Peter Crooks
2026 Faculty Researcher of the Year Award Nominee
College of Arts & Sciences | Department of Mathematics & Statistics

Peter was born and raised in Halifax, Canada. He graduated from Dalhousie University with an honors math bachelor's degree, and from the University of Toronto with master's and doctoral degrees in pure mathematics. Peter subsequently pursued postdoctoral studies at Leibniz Universität Hannover, the Hausdorff Research Institute for Mathematics, and Northeastern University. In Fall 2022, he became an assistant professor of pure mathematics at Utah State University. His research is supported by grants from the National Science Foundation and Simons Foundation.
Peter's research unifies parts of algebraic geometry, geometric representation theory, mathematical physics, and symplectic geometry. His approach is to harness Lie theory, the most coherent framework for continuous symmetry to date. Recent successes include Peter's joint work with Maxence Mayrand, titled Symplectic reduction along a submanifold. It has been published in Compositio Mathematica, one of the most impactful journals in Peter's research area.

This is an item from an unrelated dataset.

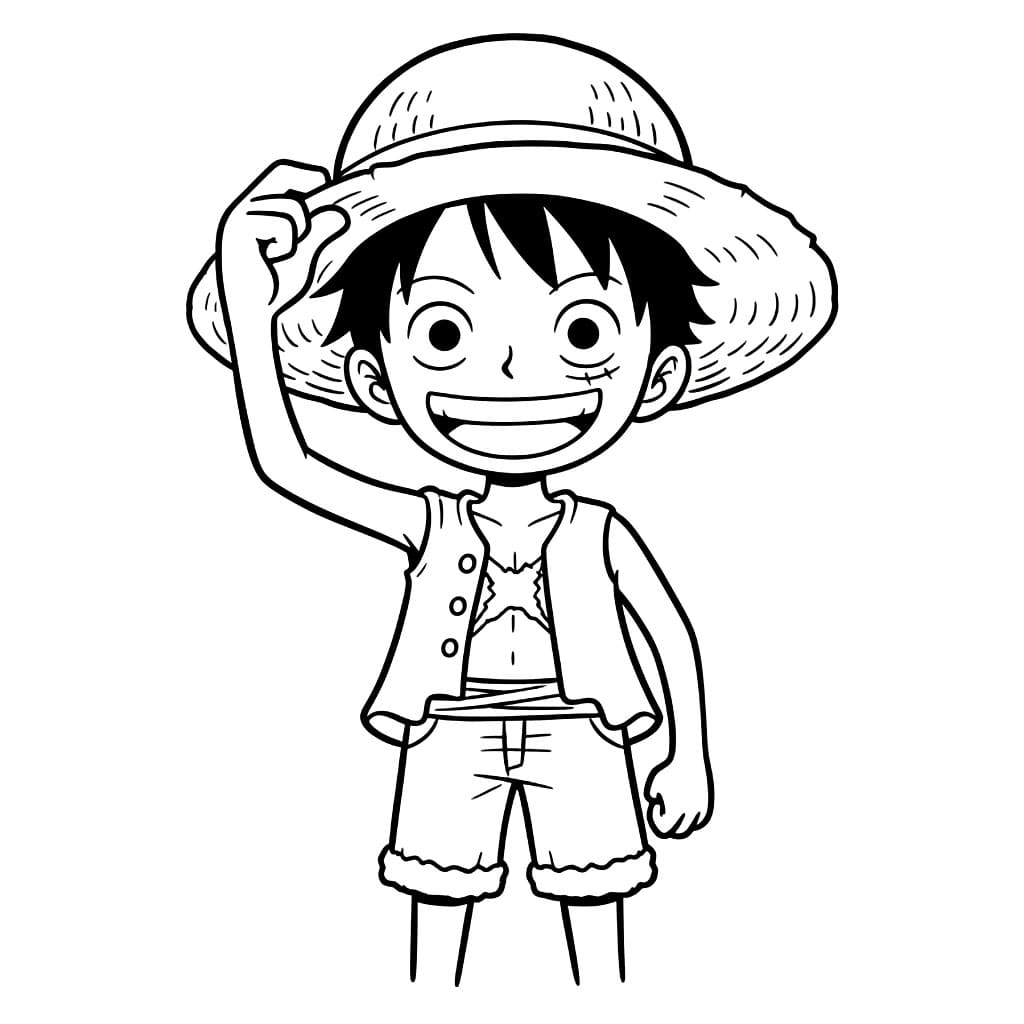 Luffy med stråhatt fargelegging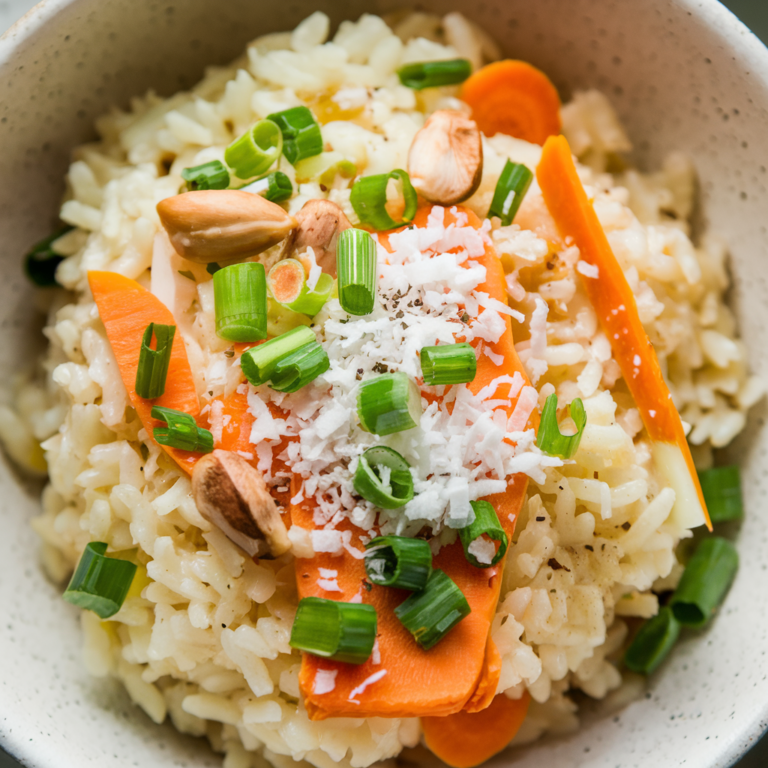 Arroz de Coco com Castanhas e Cenoura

Among other things, this paper generalizes the 50-year-old theory of Marsden-Weinstein reduction. Another recent success is Peter's single-authored article Universal families of twisted cotangent bundles, published in Proceedings of the American Mathematical Society. Peter pursues these and other follow-up research opportunities with his graduate students, Xiang Gao, Bailey Jorgensen, C. Xavier Parent, Mitchell Pound, and Casen Thompson.